_Working data_:
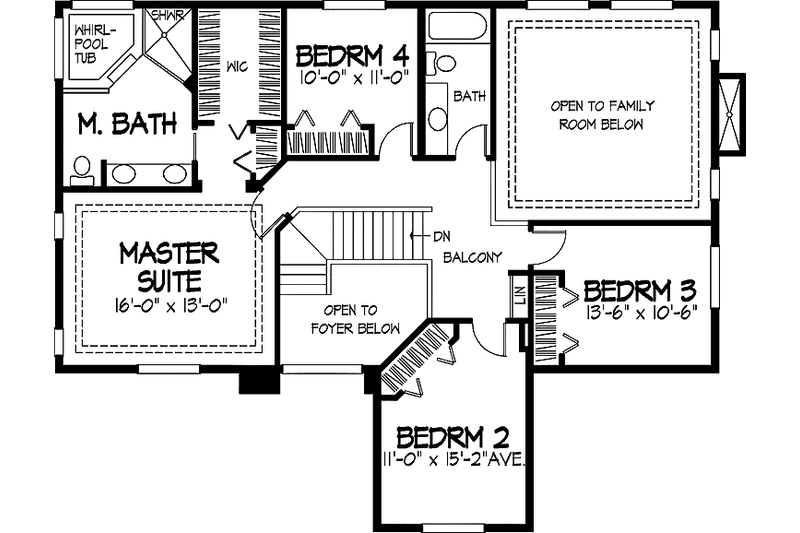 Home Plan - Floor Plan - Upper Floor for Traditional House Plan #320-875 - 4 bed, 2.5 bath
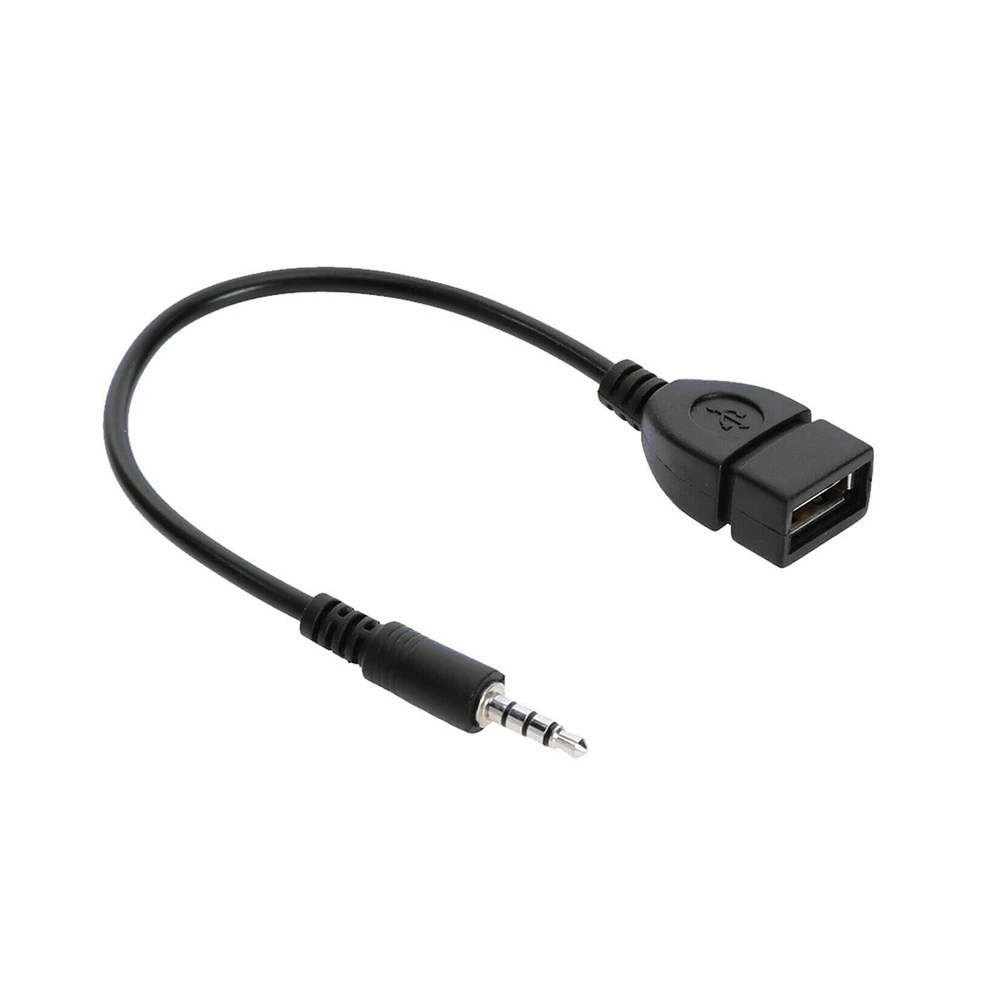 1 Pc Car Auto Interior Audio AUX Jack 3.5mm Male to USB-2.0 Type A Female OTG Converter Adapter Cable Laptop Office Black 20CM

==

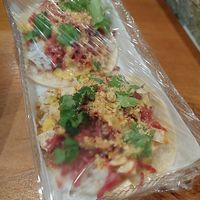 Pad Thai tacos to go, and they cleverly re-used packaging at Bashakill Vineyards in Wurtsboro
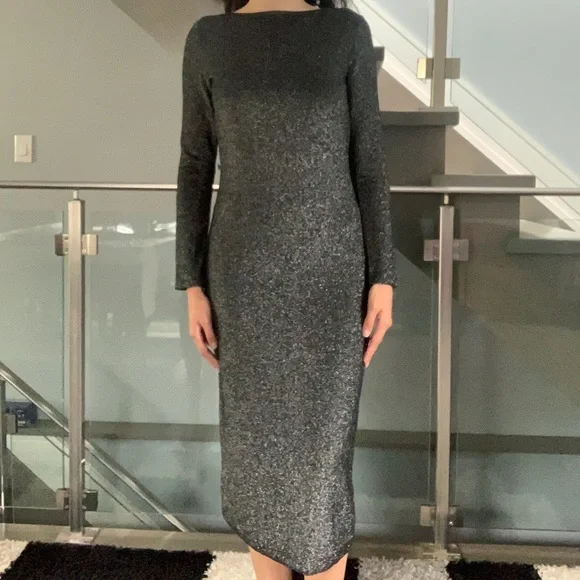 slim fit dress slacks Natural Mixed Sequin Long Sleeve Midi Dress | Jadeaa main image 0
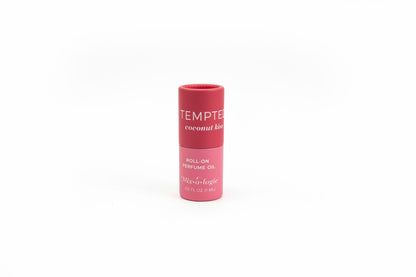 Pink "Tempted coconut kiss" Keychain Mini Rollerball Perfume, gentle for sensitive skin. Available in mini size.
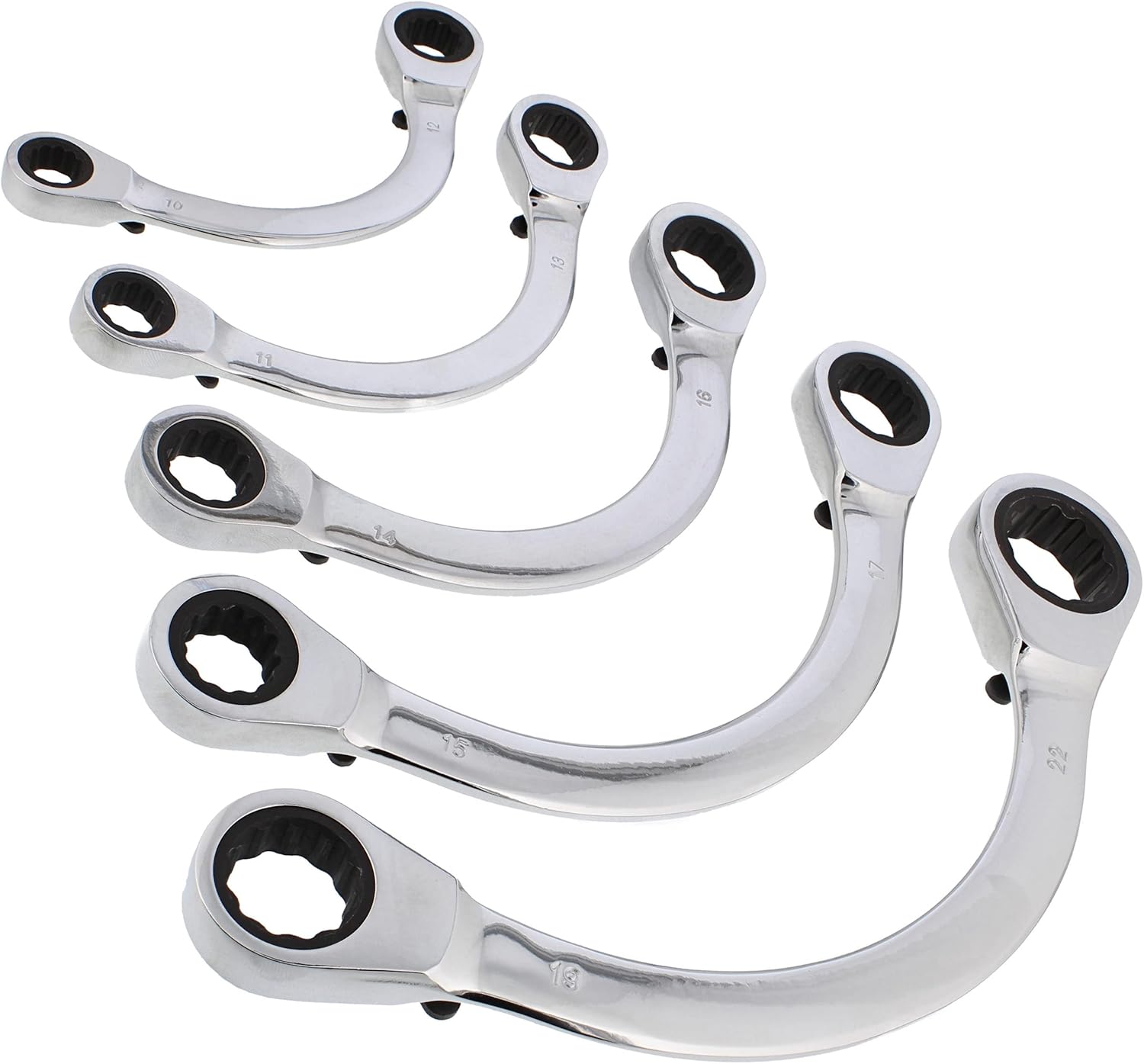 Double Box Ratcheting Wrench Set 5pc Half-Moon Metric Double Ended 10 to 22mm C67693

--

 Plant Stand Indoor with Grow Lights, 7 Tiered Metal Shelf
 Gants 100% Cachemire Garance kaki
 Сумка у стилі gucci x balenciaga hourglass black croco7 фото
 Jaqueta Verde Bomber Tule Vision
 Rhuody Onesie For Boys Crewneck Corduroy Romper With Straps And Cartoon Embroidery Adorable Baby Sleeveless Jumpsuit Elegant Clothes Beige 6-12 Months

_About this exercise_:
From the records above, extract exactly and only the lines that begin at the line with "Jaqueta Verde Bomber Tule Vision" and stop after the line with "Rhuody Onesie For".

_Your solution_:
 Jaqueta Verde Bomber Tule Vision
 Rhuody Onesie For Boys Crewneck Corduroy Romper With Straps And Cartoon Embroidery Adorable Baby Sleeveless Jumpsuit Elegant Clothes Beige 6-12 Months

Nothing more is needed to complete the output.